_RAW DATA_.
····················

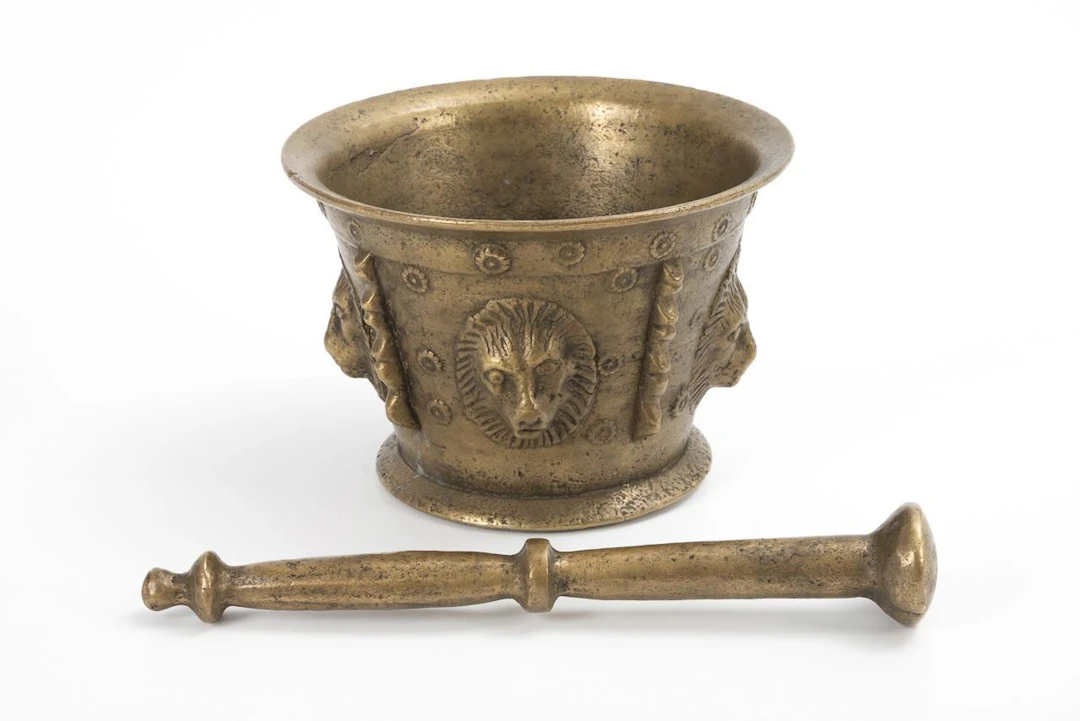 Large mortar with pestle.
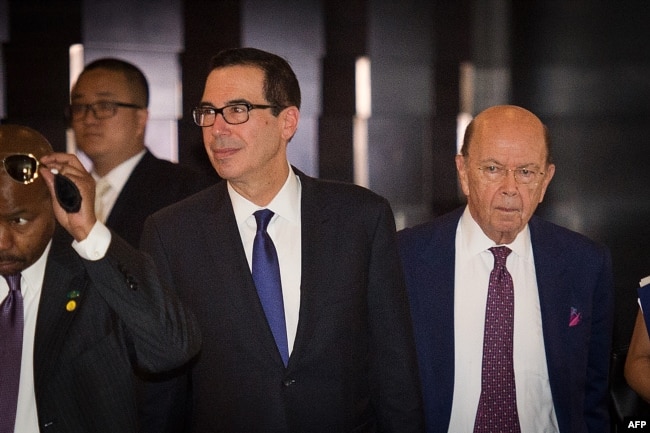 2018年5月4日，美国财政部长史蒂文·努钦（左）和美国商务部长威尔伯·罗斯（右）穿过酒店大堂，前往钓鱼台国宾馆与中国官员进行贸易谈判。
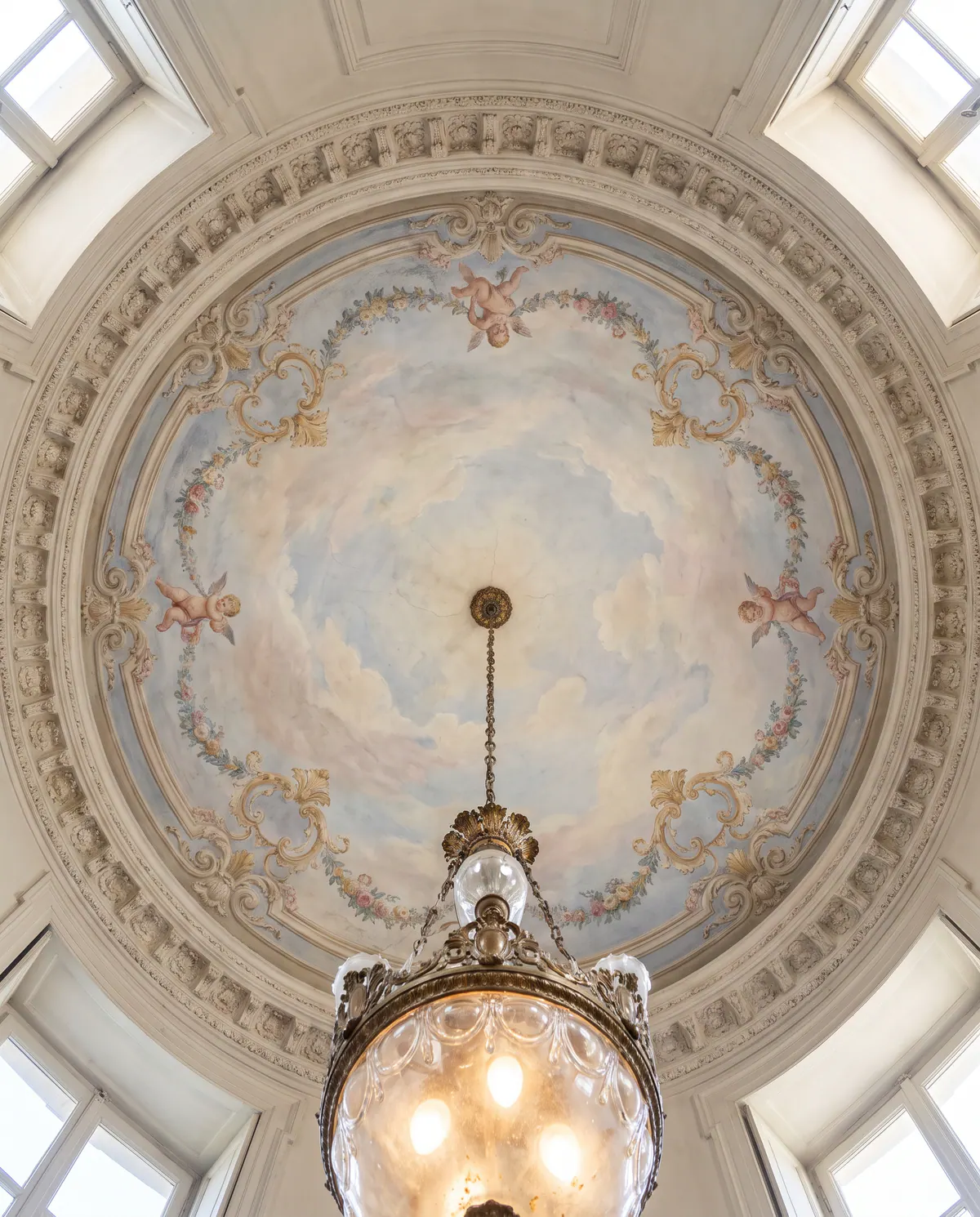 Un plafond à fresque avec ciel peint et guirlandes, un lustre de Murano.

····················

_TASK INSTRUCTIONS_. Line for line, retype the material exactly, omitting any pictures.

_ANSWER AREA_.
 Large mortar with pestle.
 2018年5月4日，美国财政部长史蒂文·努钦（左）和美国商务部长威尔伯·罗斯（右）穿过酒店大堂，前往钓鱼台国宾馆与中国官员进行贸易谈判。
 Un plafond à fresque avec ciel peint et guirlandes, un lustre de Murano.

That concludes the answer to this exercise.